Con puntuali riferimenti a periodi, interviste, racconti e libri della stessa Leonora, Elvira Seminara ci conduce tra le anime, della Carrington i suoi periodi, le sue suggestioni, aprendo cassetti, ridisegnando contorni e richiamando alla memoria le tele e le pagine.

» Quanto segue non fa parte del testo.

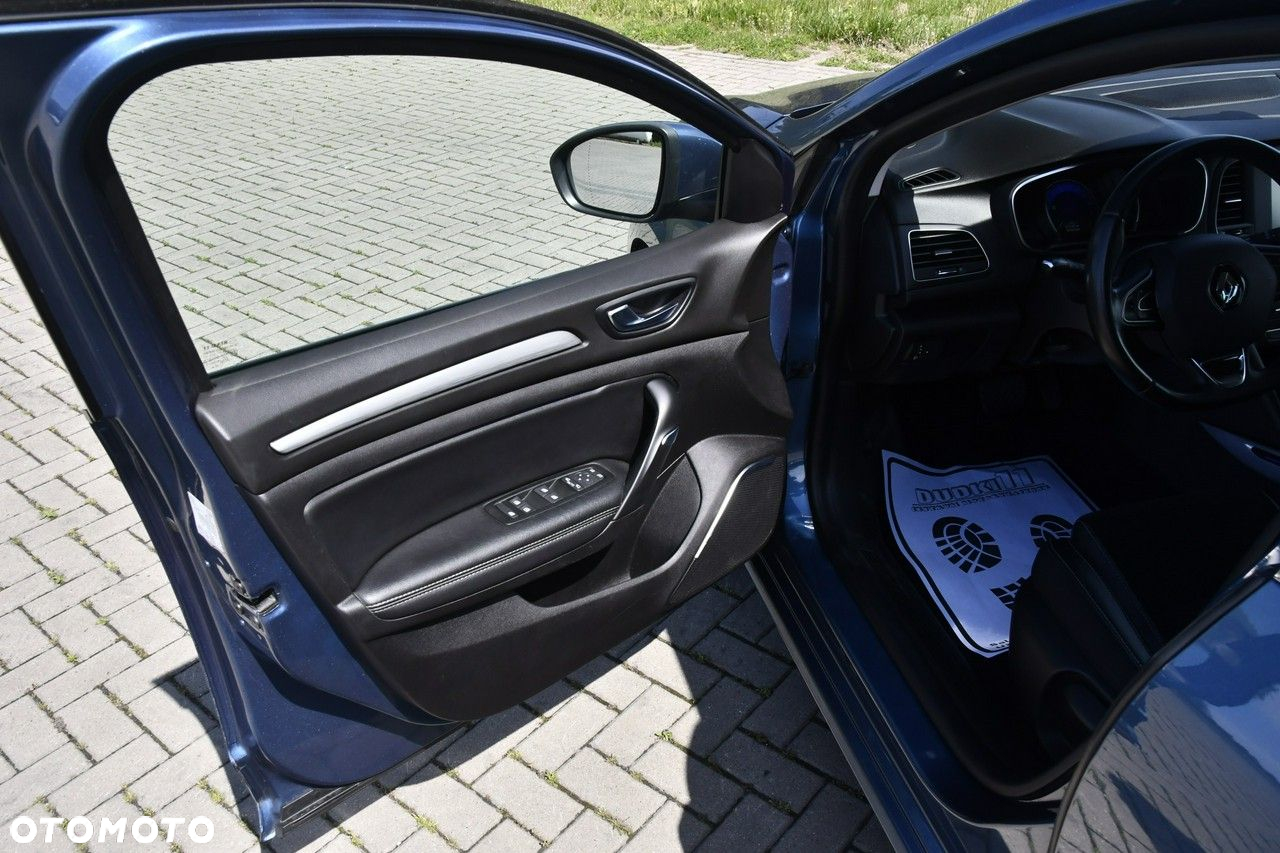 Renault Megane - 13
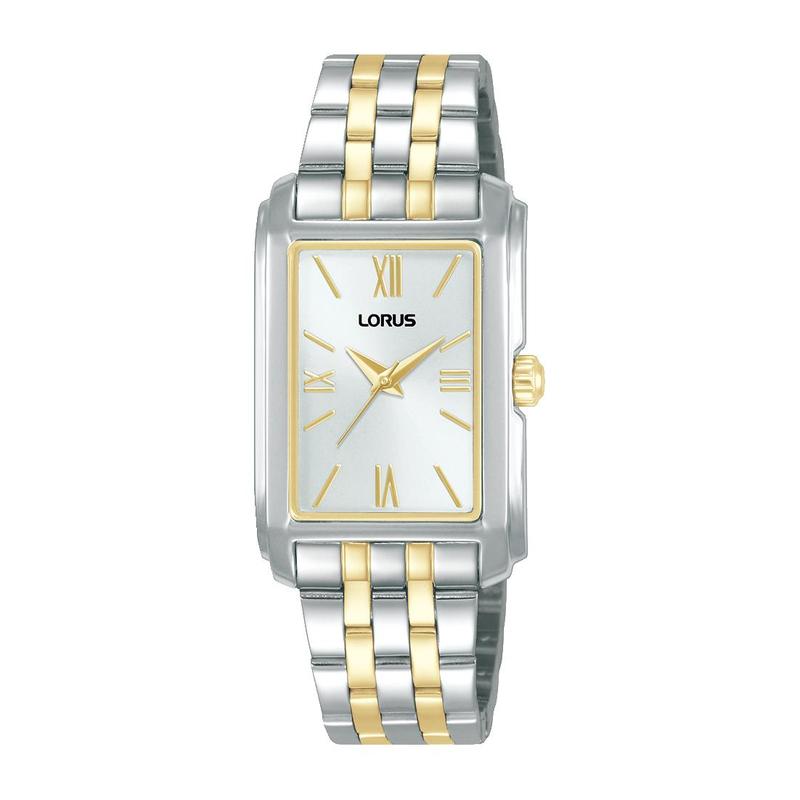 Lorus Women's Stainless Steel Watch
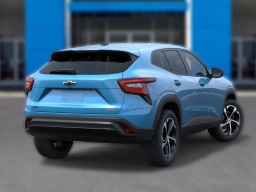 Chevrolet Trax 1RS FWD 4dr 2026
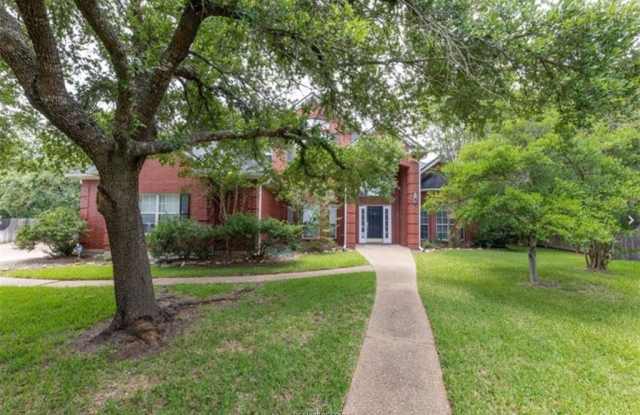 Photo of 4601 Valley Brook Circle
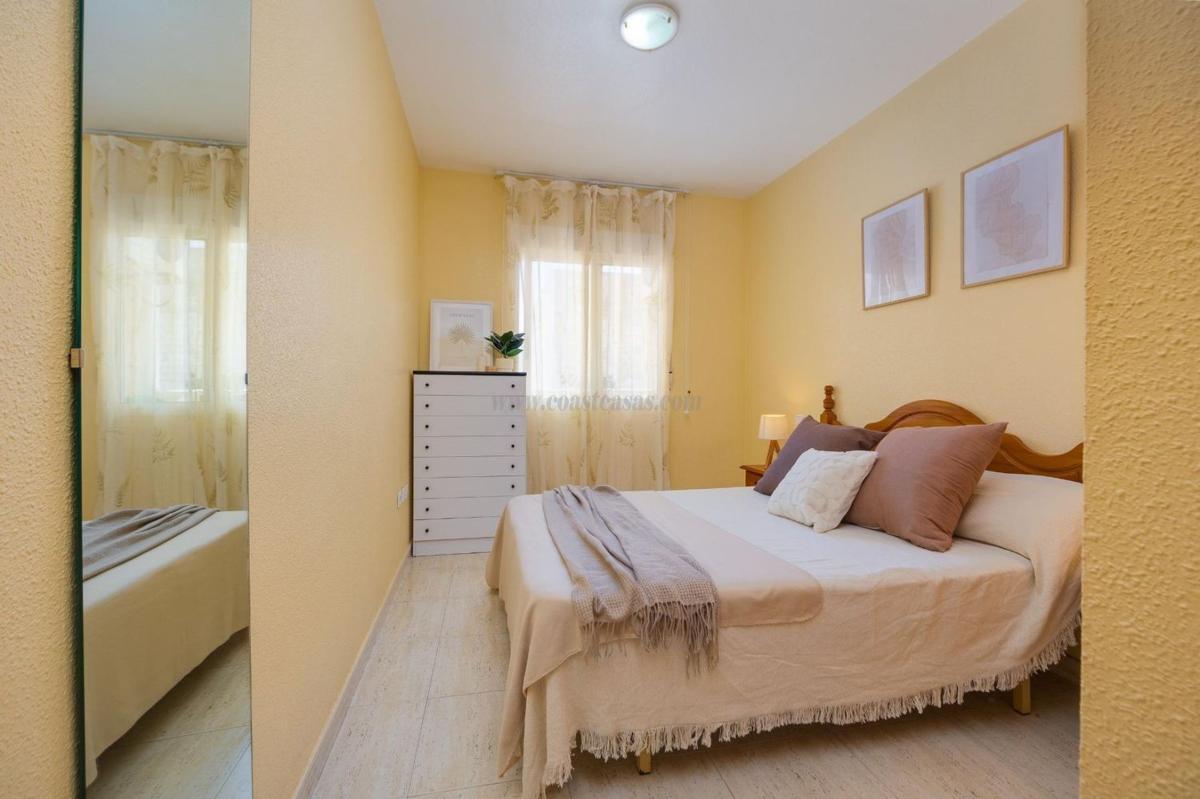 Venta de apartamento en Torrevieja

Il rapporto con la madre, con il suo essere donna giovane ma già antichissimo spirito, quel senso di estraneità al fluire del tempo, il suo cadere nell’abisso e nella palude per riemergere e rinascere, da carne per bollito a indomabile visionaria di se stessa, accompagnata da quel suo io bambino, dai suoi cavalli a dondolo, dai suoi colori e i suoi capelli, tutti segni distintivi e riconoscibili adesso messi lì a sistema, coordinate di questo mondo complesso, come un rituale sciamanico; questo e molto altro, tra cui gli amori, le amicizie e gli infatuamenti, ci restituisce questo nuovo libro di Elvira Seminara per le Mosche d’Oro, collana di donne che raccontano altre donne, di scrittrici che indagano l’anima misteriosa dell’essere se stesse, riflettendosi in altre vite d’artiste, e che intreccia questo dialogo infinito tra chi eravamo e chi siamo, in meravigliosa affinità d’intenti e di suggestioni.